Just as in the title, suppose $f \in C^\infty ((a,b),\mathbb{R})$ such that $f^{(n)}=0$ for some $n\in\mathbb{N}$. Prove that $f$ is a polynomial.
My solution to this is to use the Taylor expansion about some $a\in\mathbb{R}$, so that $f(x) = f(a) + \sum_{k=1}^{n-1} \frac{f'(a)}{k!}(x-a)^k + \frac{f^{(n)}(\xi)}{n!}(x-a)^n$, but since $f^{(n)}$ is identically zero, we simply have that $f(x) = f(a) + \sum_{k=1}^{n-1} \frac{f'(a)}{k!}(x-a)^k$.

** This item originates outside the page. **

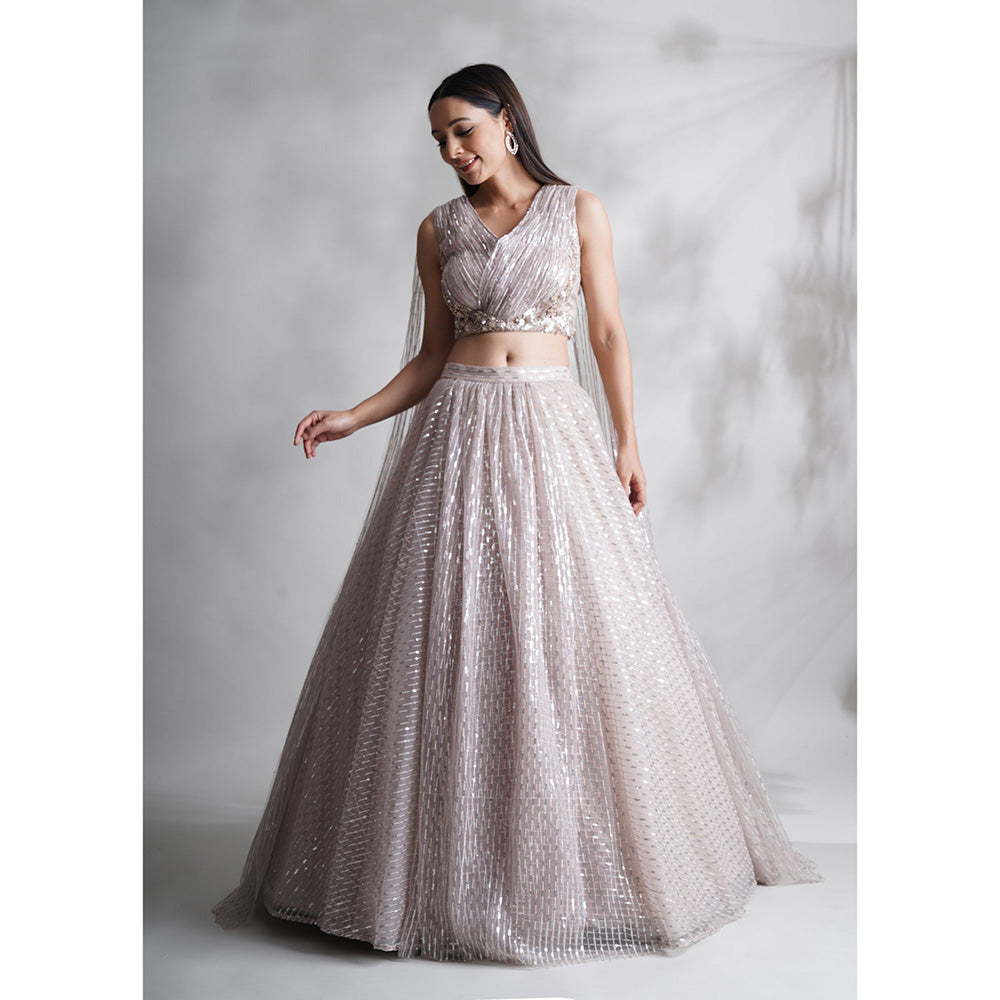 CHAASHNI BY MAANSI & KETAN Lavender Blouse With Lehenga And Attached Dupatta (Set of 2)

I'm pretty sure this solution is incorrect, however, since this question has been asked on this site and the solution involves the Baire Category Theorem and other subtle analysis/topology arguments. I'm sure if someone had seen this solution, the question would not have gotten 100+ upvotes on mathoverflow. So what's wrong with this argument? Or is it correct?
Also does it make a difference if $f\in C^\infty([a,b];\mathbb{R})$ as opposed to $C^\infty((a,b);\mathbb{R})$?

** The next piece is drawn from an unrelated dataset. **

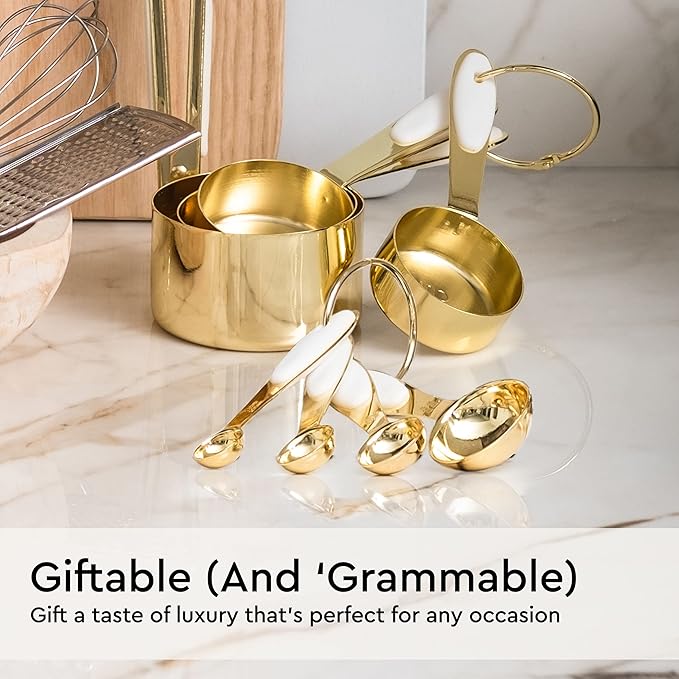 White and Gold Measuring Cups and Spoons Set – 8-Piece Stackable Stainless Steel Measuring Set – Stylish Gold Kitchen Accessories for Precise Baking and Cooking, Ideal Gift for Bakers and Chefs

The question you mention has a different hypothesis, where $f^{(n)}(x)=0$, but $n$ may vary with $x$.
If you only require $f^{(n)}=0$ (for all $x$), then you can easily prove by induction that if $f^{(k+1)}$ is a polynomial, then so is $f^{(k)}$, with the degree increased by one. For starters, if $f^{(n)}=0$, then $f^{(n-1)}$ is constant. And so on.
Your argument does work. It is just more complex than what is needed here.